As President Lincoln has a big fifteen-inch gun at his side, the black muzzle of which is pressed tightly against Mr. Bull’s waistcoat, the President, to all appearances, has the best of the argument “by a long shot.” Anyhow, Mr. Bull had nothing more to say, but gave the cotton matter up as a bad piece of business, and pocketed the loss.
STICK TO AMERICAN PRINCIPLES.
President Lincoln’s first conclusion (that Mason and Slidell should be released) was the real ground on which the Administration submitted. “We must stick to American principles concerning the rights of neutrals.” It was to many, as Secretary of the Treasury Chase declared it was to him, “gall and wormwood.” James Russell Lowell’s verse expressed best the popular feeling:
We give the critters back, John, Cos Abram thought ‘twas right; It warn’t your bullyin’ clack, John, Provokin’ us to fight.

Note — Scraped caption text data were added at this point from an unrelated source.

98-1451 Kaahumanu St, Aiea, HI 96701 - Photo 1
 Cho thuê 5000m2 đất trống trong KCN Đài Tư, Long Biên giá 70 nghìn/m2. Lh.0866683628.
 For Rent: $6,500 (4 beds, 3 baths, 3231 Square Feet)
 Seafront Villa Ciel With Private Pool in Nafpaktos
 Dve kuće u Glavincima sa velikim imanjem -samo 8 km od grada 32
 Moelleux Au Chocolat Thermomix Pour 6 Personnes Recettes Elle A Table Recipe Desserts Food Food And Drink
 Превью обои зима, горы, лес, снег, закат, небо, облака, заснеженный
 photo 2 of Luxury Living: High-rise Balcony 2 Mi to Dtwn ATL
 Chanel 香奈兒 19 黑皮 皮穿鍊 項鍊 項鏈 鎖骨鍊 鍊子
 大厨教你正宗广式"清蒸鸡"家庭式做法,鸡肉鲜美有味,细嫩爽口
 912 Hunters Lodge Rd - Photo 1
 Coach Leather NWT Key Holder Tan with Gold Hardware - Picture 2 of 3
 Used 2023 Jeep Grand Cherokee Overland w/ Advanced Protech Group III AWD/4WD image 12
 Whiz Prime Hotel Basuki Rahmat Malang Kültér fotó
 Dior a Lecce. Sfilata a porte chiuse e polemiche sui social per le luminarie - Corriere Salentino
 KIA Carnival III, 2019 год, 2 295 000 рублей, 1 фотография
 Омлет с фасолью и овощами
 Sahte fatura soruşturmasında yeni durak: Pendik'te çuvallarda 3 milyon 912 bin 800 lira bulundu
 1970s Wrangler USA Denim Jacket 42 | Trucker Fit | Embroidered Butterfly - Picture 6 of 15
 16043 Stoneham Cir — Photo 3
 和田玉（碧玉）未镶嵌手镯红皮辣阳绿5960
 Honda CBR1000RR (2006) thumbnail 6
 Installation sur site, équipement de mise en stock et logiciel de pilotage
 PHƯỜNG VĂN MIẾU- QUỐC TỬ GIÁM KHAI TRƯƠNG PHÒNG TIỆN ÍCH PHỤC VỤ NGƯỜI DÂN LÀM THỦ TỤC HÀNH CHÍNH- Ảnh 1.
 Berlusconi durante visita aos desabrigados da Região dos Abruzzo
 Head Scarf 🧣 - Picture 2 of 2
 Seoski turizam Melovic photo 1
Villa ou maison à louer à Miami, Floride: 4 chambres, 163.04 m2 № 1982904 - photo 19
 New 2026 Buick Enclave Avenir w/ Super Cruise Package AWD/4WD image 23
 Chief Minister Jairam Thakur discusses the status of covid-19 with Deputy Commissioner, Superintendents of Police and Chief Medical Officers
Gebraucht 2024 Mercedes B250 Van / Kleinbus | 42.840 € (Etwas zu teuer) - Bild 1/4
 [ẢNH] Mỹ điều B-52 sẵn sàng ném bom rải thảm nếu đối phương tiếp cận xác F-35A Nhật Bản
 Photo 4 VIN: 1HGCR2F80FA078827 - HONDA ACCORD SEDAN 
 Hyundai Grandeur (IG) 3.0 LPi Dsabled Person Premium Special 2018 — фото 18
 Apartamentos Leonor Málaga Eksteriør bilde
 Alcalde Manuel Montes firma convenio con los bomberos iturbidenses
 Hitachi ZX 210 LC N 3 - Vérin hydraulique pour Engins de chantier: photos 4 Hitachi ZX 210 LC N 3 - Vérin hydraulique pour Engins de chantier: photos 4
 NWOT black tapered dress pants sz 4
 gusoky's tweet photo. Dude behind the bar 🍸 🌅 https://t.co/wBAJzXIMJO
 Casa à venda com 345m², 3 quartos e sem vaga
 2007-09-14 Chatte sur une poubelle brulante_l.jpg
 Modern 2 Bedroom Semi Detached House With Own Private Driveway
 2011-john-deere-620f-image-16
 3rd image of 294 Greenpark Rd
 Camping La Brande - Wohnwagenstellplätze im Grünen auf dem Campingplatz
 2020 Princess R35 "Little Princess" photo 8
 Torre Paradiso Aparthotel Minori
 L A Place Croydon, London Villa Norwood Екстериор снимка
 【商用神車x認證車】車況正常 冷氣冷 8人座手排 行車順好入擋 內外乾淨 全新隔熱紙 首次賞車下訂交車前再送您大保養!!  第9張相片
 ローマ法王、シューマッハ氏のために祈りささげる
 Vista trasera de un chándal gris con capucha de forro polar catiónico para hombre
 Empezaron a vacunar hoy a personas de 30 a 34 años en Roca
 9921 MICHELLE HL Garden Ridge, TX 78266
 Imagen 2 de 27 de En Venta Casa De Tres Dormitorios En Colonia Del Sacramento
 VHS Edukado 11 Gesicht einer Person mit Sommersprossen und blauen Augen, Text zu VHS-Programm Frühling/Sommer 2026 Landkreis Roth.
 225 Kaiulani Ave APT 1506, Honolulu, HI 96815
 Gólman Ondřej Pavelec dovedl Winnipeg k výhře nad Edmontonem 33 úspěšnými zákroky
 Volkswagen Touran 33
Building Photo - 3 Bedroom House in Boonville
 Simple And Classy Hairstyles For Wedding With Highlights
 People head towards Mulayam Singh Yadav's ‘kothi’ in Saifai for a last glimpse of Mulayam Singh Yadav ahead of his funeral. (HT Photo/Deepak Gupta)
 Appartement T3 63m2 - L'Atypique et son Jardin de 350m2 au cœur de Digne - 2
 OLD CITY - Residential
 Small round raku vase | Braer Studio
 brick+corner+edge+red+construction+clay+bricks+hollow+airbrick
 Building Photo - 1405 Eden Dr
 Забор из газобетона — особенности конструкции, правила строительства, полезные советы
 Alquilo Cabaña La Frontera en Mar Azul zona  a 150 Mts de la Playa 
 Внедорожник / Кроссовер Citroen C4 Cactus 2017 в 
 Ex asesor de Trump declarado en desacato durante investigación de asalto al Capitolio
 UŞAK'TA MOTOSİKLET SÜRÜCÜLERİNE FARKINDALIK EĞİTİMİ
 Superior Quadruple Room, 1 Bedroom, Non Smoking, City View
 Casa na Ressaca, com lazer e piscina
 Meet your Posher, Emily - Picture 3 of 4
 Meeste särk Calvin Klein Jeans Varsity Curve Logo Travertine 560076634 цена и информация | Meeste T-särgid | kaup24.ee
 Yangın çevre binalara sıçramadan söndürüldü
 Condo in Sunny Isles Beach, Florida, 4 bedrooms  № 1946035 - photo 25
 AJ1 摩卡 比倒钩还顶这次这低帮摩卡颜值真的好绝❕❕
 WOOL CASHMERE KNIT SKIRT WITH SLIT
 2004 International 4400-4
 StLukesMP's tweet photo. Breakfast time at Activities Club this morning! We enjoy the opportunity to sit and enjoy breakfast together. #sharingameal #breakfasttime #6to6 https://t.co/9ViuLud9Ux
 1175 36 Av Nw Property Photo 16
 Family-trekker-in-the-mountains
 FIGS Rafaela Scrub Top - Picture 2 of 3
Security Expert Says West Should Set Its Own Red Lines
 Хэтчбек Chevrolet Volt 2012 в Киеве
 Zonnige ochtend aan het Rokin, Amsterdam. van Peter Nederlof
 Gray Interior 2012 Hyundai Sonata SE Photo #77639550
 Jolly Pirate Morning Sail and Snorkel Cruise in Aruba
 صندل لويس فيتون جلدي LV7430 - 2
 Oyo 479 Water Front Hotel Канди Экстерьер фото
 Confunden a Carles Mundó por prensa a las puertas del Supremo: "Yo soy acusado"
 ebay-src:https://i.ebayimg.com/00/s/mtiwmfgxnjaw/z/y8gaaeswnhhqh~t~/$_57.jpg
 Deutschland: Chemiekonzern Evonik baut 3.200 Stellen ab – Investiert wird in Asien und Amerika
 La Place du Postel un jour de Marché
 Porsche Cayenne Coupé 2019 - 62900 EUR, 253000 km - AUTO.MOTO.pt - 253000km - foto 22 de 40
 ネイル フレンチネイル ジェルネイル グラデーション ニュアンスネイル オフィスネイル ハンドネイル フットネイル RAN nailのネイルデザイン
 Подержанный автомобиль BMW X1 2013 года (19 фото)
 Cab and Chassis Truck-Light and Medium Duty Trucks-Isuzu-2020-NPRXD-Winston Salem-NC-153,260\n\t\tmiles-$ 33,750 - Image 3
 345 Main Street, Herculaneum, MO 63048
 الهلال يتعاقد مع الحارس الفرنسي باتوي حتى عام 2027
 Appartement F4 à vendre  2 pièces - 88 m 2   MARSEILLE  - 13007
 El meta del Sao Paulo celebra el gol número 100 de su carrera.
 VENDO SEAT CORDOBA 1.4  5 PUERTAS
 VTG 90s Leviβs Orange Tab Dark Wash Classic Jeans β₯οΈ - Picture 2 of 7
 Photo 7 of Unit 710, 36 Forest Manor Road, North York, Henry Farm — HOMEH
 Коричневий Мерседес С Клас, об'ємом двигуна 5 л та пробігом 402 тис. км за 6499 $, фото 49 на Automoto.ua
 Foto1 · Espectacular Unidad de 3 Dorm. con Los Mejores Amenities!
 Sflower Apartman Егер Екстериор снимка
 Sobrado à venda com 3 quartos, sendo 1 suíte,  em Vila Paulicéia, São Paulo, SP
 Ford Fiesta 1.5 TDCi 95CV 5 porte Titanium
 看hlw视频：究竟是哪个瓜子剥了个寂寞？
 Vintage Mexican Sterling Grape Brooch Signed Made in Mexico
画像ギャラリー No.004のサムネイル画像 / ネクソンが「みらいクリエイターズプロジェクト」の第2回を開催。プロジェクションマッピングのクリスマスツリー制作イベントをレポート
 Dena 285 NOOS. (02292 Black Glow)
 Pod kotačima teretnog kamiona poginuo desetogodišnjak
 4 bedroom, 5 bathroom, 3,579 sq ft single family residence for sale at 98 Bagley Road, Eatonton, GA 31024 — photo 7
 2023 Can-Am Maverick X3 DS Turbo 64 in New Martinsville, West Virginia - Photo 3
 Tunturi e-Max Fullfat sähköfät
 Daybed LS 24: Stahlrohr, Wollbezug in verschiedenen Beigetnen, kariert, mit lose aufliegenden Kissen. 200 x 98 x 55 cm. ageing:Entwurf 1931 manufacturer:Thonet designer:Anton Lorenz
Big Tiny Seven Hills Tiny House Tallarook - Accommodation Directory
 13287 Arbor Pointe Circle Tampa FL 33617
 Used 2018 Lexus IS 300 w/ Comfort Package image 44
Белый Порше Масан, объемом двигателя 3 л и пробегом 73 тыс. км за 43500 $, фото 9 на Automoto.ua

The decision raised Mr. Lincoln immeasurably in the view of thoughtful men, especially in England.
USED “RUDE TACT.”
General John C. Fremont, with headquarters at St. Louis, astonished the country by issuing a proclamation declaring, among other things, that the property, real and personal, of all the persons in the State of Missouri who should take up arms against the United States, or who should be directly proved to have taken an active part with its enemies in the field, would be confiscated to public use and their slaves, if they had any, declared freemen.